Senior Bush administration officials disclosed Valerie Plame Wilson’s identity to several journalists in June and July of 2003 amid White House efforts to discredit her husband, former U.S. Ambassador Joseph Wilson, for challenging Bush’s use of bogus intelligence to justify invading Iraq.
Valerie Plame Wilson’s CIA employment was revealed in a July 14, 2003, article by right-wing columnist Robert Novak, effectively destroying her career. Two months later, a CIA complaint to the Justice Department sparked a criminal probe into the identity of the leakers.
Initially, Bush professed not to know anything about the matter, and several of his senior aides, including political adviser Karl Rove and the vice president’s chief of staff I. Lewis Libby, followed suit.
However, it later became clear that Rove and Libby had a hand in the Plame leak and that Bush and Cheney had helped organize a campaign to disparage Wilson by giving critical information to friendly journalists.
On June 24, 2004, Fitzgerald interviewed Bush for 70 minutes about the Plame leak. The only other member of the Bush team in the room during the meeting was Jim Sharp, the private lawyer that Bush hired, according to a press briefing by then-press secretary Scott McClellan.
Fitzgerald had interviewed Cheney a couple of weeks earlier.
According to sources knowledgeable about the vice president’s testimony, Cheney was specifically asked about conversations he had with senior aides, including Libby, and queried about whether he was aware of a campaign led by White House officials to leak Plame’s identity.
It is unknown how Cheney responded to those questions. Cheney retained a private attorney, Terrence O’Donnell.

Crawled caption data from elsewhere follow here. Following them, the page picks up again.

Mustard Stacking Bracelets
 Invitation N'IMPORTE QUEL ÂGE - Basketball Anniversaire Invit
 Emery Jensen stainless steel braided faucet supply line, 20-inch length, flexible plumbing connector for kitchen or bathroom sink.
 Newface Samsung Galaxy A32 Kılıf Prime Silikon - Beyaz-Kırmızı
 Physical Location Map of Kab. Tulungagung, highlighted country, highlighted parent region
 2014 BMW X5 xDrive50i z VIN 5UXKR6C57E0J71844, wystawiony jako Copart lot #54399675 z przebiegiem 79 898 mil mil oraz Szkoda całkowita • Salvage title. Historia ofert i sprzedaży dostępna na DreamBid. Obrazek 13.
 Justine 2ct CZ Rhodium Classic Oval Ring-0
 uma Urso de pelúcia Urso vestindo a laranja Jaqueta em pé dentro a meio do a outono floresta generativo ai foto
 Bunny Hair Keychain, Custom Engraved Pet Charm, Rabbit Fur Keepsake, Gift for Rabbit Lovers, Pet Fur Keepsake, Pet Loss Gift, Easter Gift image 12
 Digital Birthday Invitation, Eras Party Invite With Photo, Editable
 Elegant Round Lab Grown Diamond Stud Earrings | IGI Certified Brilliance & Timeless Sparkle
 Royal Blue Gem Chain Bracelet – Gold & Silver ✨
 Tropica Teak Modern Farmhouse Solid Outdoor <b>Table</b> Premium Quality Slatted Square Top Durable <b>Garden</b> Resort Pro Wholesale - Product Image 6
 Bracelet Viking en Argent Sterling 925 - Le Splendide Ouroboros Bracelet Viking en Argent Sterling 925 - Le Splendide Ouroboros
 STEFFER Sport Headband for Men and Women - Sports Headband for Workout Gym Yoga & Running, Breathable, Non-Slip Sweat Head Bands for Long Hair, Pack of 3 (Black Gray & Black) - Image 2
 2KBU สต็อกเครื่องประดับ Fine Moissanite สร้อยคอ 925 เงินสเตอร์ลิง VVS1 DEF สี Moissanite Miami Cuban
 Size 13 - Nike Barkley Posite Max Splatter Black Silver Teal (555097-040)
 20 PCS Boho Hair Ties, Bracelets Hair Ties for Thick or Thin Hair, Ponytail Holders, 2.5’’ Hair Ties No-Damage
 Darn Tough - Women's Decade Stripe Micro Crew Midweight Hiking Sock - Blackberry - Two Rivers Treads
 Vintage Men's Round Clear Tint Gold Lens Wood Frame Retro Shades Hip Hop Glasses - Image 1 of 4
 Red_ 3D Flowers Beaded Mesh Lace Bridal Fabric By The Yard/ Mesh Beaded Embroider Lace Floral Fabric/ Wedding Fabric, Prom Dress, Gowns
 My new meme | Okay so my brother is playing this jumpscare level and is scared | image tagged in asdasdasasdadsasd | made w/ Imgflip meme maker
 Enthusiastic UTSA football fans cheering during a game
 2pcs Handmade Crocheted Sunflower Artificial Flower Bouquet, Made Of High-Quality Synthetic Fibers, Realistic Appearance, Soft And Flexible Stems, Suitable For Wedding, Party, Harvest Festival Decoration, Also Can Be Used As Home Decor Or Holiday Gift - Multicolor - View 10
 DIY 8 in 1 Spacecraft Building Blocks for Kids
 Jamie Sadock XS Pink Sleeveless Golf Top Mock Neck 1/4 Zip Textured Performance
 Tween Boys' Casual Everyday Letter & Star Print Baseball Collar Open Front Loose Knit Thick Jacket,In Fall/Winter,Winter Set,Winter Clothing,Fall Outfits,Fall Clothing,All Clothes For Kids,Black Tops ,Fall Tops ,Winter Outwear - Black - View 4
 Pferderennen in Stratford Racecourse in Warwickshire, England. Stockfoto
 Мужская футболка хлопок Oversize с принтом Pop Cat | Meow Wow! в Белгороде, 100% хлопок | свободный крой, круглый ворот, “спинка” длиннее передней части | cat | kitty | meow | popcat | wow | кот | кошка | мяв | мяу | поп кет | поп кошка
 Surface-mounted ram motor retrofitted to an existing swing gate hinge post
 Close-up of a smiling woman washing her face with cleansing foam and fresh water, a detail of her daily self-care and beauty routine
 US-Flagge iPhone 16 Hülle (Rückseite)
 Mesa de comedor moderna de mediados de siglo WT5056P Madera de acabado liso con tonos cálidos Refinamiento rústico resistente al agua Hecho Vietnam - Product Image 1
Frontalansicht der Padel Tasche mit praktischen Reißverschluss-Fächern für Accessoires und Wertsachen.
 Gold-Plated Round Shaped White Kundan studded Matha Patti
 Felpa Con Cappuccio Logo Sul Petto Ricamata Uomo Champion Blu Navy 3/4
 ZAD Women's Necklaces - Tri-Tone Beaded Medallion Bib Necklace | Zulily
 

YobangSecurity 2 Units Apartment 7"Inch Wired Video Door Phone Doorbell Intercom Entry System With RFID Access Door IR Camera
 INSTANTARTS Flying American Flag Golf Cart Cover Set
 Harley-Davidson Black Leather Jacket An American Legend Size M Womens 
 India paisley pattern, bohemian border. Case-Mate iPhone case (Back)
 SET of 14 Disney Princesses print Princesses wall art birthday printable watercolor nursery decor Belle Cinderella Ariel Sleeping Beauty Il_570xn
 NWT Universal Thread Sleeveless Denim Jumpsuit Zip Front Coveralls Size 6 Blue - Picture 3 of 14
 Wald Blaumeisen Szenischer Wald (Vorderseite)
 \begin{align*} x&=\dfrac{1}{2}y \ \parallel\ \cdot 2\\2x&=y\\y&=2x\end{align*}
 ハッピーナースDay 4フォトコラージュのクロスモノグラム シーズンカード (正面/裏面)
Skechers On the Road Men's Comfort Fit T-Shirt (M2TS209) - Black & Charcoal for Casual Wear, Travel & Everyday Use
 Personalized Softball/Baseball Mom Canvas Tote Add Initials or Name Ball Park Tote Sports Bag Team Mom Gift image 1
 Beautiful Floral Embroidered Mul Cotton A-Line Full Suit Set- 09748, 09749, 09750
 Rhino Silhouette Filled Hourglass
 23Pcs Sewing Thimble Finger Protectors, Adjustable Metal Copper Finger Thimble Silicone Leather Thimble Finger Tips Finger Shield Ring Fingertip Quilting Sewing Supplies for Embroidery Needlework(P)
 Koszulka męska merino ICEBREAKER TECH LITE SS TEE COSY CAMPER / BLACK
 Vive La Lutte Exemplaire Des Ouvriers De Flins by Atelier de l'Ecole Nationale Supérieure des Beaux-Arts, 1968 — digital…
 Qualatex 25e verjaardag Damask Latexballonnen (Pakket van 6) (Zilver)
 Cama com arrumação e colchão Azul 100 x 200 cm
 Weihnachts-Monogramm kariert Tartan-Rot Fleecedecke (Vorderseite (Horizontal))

At the time of Waxman's comments, Fitzgerald’s criminal investigation was still underway, leading to Libby’s indictment in October 2005 and his subsequent conviction in March 2007 on four counts of perjury and obstruction of justice.
During closing arguments at Libby’s trial, Cheney was implicated in the leak, as Fitzgerald acknowledged that Cheney was intimately involved in the scandal and may have told Libby to leak Plame's status to the media.
Fitzgerald told jurors that his investigation into the true nature of the vice president's involvement was impeded because Libby obstructed justice.
Libby's attorney, Theodore Wells, told jurors during his closing arguments that Fitzgerald had been trying to build a case of conspiracy against the vice president and Libby and that the prosecution believed Libby may have lied to federal investigators and to a grand jury to protect Cheney.
“Now, I think the government, through its questions, really tried to put a cloud over Vice President Cheney," Wells said.